Meeting held on alpha-gal
Published 8:06 am Thursday, July 4, 2019
A meeting about alpha-gal, a widely-spreading syndrome in the Heart of Virginia, filled the lobby of Centra Southside Community Hospital Thursday. Centra’s Gastroenterologist Dr. Bikram Bal provided information on the condition and took questions from audience members.
Alpha-gal is a condition believed to originate from lone star tick bites that create an allergic reaction to beef, pork, deer and dairy among other mammalian meats and byproducts. A lone star tick has a distinct white patch on its back.
The tick can transmit an antibody that causes the individual to become resistant to galactose-alpha-1,3-galactose (alpha-gal), a oligosaccharide, or molecule present in mammalian meat.
Reactions vary, and can range from hives, swelling of the tongue, abdominal pain, vomiting, bloating, diarrhea and even anaphylactic reactions, becoming unable to breathe, that can be fatal if untreated.
Bal estimates that his office diagnoses five to seven people with alpha-gal each week. This doesn’t include other doctors at the hospital or Centra Medical Group.
Bal described alpha-gal during the first 15 minutes of the meeting, its cause, symptoms and how it is diagnosed, which is often through a blood test.
For the rest of the meeting, he took questions from members of the audience. Others with alpha-gal in the audience also provided answers and suggestions.
Question included how long a tick would need to be on a person before the person contracts alpha-gal and if a vaccine is in the works to combat or treat alpha-gal.
Bal said a tick would need to be on a person for some time before the person contracts alpha-gal but that he didn’t have further information.
He said it’s likely that future, potential treatment would not be a vaccine, which are used for viruses, and alpha-gal is not a virus. He said there is the possibility of desensitization, which could desensitize people from other allergies. For now, he said people would need to protect themselves against ticks.
“The only prevention for alpha-gal is to prevent tick bites,” Bal said.
A few speakers noted that prior to their symptoms, they had been bitten by chiggers rather than by ticks.
One person in the audience said that tick larva may also transmit alpha-gal, and may look similar to chiggers.
Bal said there may be other carriers of alpha-gal.
Bal said developing other allergies through alpha-gal is possible and recommended allergy testing.
L.D. Phaup noted that cosmetics, including lipsticks and other kinds of makeup, can cause allergic reaction due to mammalian ingredients.
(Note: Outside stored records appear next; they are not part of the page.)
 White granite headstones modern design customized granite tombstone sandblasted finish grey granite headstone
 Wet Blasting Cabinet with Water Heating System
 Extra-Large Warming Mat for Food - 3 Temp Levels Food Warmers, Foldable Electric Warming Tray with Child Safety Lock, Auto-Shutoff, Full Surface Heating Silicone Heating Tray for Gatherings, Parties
Others have said there are gelatin-based or meat-byproduct coatings on medication and vitamins that can cause allergic reactions.
One audience member recommended vegetable-based capsules.
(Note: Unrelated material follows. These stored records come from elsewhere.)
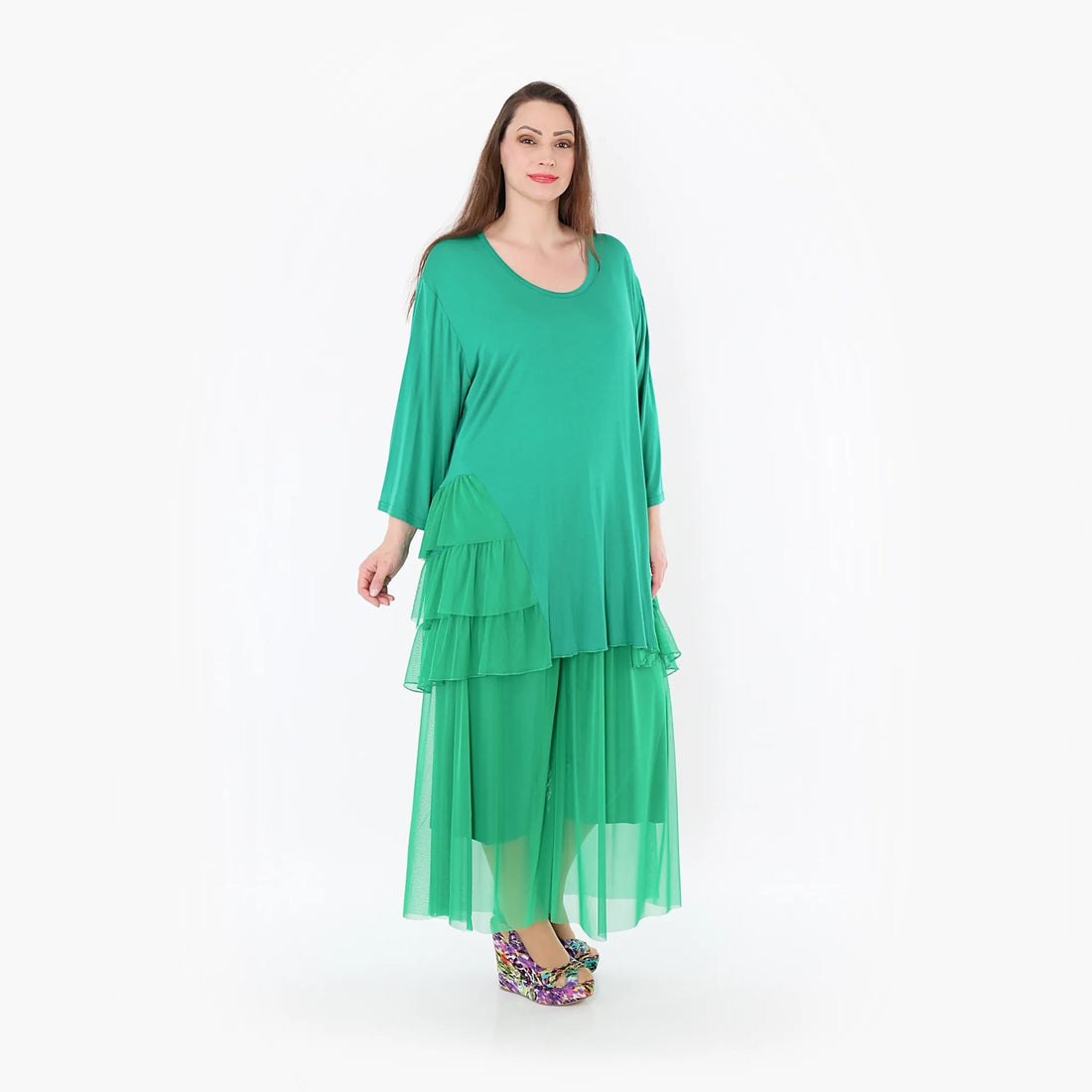  A-Form Bigshirt von AKH Fashion aus Materialmix, 1457.06862, Grün, Ausgefallen, Zeitlos
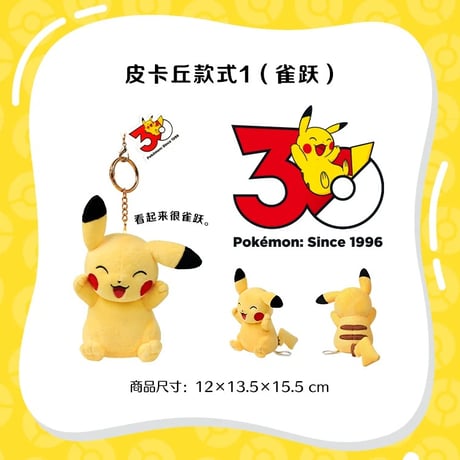 海外ポケモングッズ 中国限定 30周年記念シリーズ ピカチュウ ぬいぐるみ 【1～15】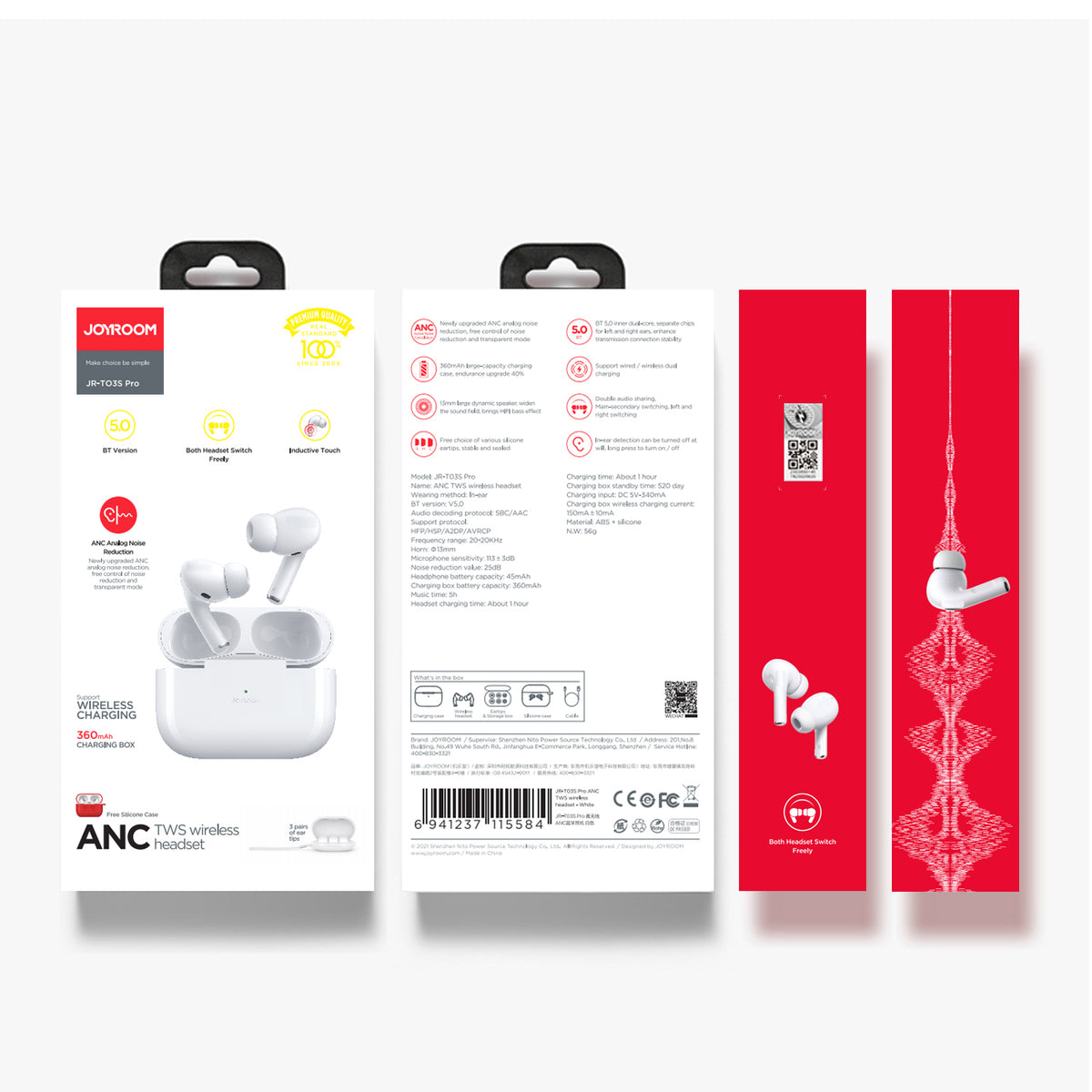 JOYROOM PRO JR-T03s Pro ANC TWS WIRELESS EARBUDS (ORIGNAL)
One person asked about dairy products. Bal said there are those with alpha-gal who can have reactions to dairy products, though not every person with alpha-gal reacts to dairy.
Bal said he wouldn’t recommend that those with anaphylactic reactions test foods to see how they would react, as anaphylactic reactions can be fatal.
A few audience members spoke about epinephrine pens, noting their high costs and that insurance companies sometimes do not cover the cost for them.
One person recommended asking a doctor for “epinephrine” rather than “epi-pen,” as “epi-pens” are a brand-name medication, and “epinephrine” is a generic medication that is a little less expensive.
Bal said he does not recommend people using epinephrine that has expired.
One audience member asked how those with alpha-gal can alert medical professionals or others that they have alpha-gal. Bal recommended telling their doctors all of their allergies.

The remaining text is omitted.